В октябре дружно, как бывало в деревне, собрав знакомых, нашинкуют артельно хрустящей капусты, со смородинным листом, с морковкой и антоновскими яблоками, проложив полукочешками, а может, еще отдельно и кадочку помидоров. На огурцы почему-то Шохов пока не рассчитывал. А вот бруснику замочить в сахаре он хотел...
Все у него сейчас исполнялось в мечтах, потому что семья приезжала. Да и вообще день был такой, состояние такое, что не могло что-то не выйти.
Из многих-многих дней, прожитых Шоховым в Вор-городке, когда случилось несчастье и нависла угроза уничтожения их поселка, когда девицы в гладких обтянутых джинсах шагали по его усадьбе с теодолитами, будто никого и ничего здесь не было; когда лежала перед ним прозрачненькая хрупкая калечка с перспективным планом города, когда наконец, отчаявшись в борьбе, ходили по домам и собирали коллективное письмо в Верховный Совет, он вспомнил почему-то этот самый счастливый день в его жизни: приезд семьи.
В тот день он был победителем, хозяином, и, как настоящий хозяин, с раскрытыми объятиями он принимал своих близких, своих родных людей...

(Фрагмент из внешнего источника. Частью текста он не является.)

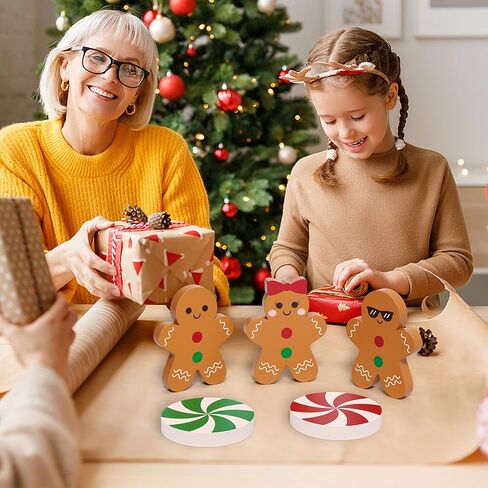 زينة عيد الميلاد الزنجبيل، ديكور صينية متدرجة، 5 قطع حلوى الزنجبيل علامات خشبية ديكور الطاولة للمنزل والمكتب والمطبخ in Kuwait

Поезд на полном ходу вынырнул из-за поворота, мимо Шохова понеслись зеленые вагоны, он никак не мог разобрать номеров. Наконец увидел, испугался, что не там встал. Но поезд, притормаживая, продолжал двигаться, а когда остановился, то вагон номер шесть оказался прямо против Шохова. И в этом тоже он усмотрел везение, хоть долго не раздумывал, потому что сильно волновался.
Он смотрел на дверь, где неповоротливая проводница не спеша откидывала приступку, потом тряпочкой, тоже не спеша, стала вытирать поручни, а из-за ее спины виднелись лица пассажиров, но среди них не разглядел Шохов никого из своих. Перевел глаза чуть правее, на второе от края окно и обомлел: они смотрели на него. Вовка — приплюснувшись к самому стеклу — и еще какой-то подросток, чуть выше, а в самом верху Тамара Ивановна. Она делала какие-то знаки Шохову и смеялась. Вовка, указывая на отца, что-то ей сказал, задирая голову, и она кивнула, а потом указала пальцем на дверь, что могло означать: сейчас выйдем, или, наоборот, заходи, мы тебя ждем.
Растерянно и, наверное, глупо улыбаясь, Шохов рванулся к двери, но тут попер народ, сдерживаемый дотоле ленивой проводницей, и пришлось всех пережидать. Но, глядя вверх, Шохов теперь увидел Вовку с чемоданчиком и рюкзачком, принял его прямо на руки и так обнял, вместе с чемоданчиком и рюкзачком.
— Папка! Папка! — кричал Вовка, отбиваясь.— Иди скорей, там мама тебя ждет. А это Валерка, он тоже с нами!
Шохов оглянулся на Валерку, но не смог сообразить, кто он и почему с ними, да и времени не было на раздумье.
Он оставил детей на перроне и стал пролезать в вагон, потому что кто-то запоздавший еще выходил и они никак не могли разминуться. Наконец проскочил и увидел свою жену. Она тоже была с рюкзаком за спиной и с какой-то поклажей в руках. Она опять засмеялась, увидев Шохова, и первые ее слова были вовсе не о дороге, не о вещах, а о нем: «Какой же ты похуделый!» Так странно выразилась она и поцеловала его в щеку мягкими теплыми губами.
Он засуетился от смущения, схватил чемоданы:
— Эти?
— Да, это все,— произнесла она и пошла к выходу. Оборачиваясь, добавила, что остальное отослано контейнером. Они взяли только самое необходимое.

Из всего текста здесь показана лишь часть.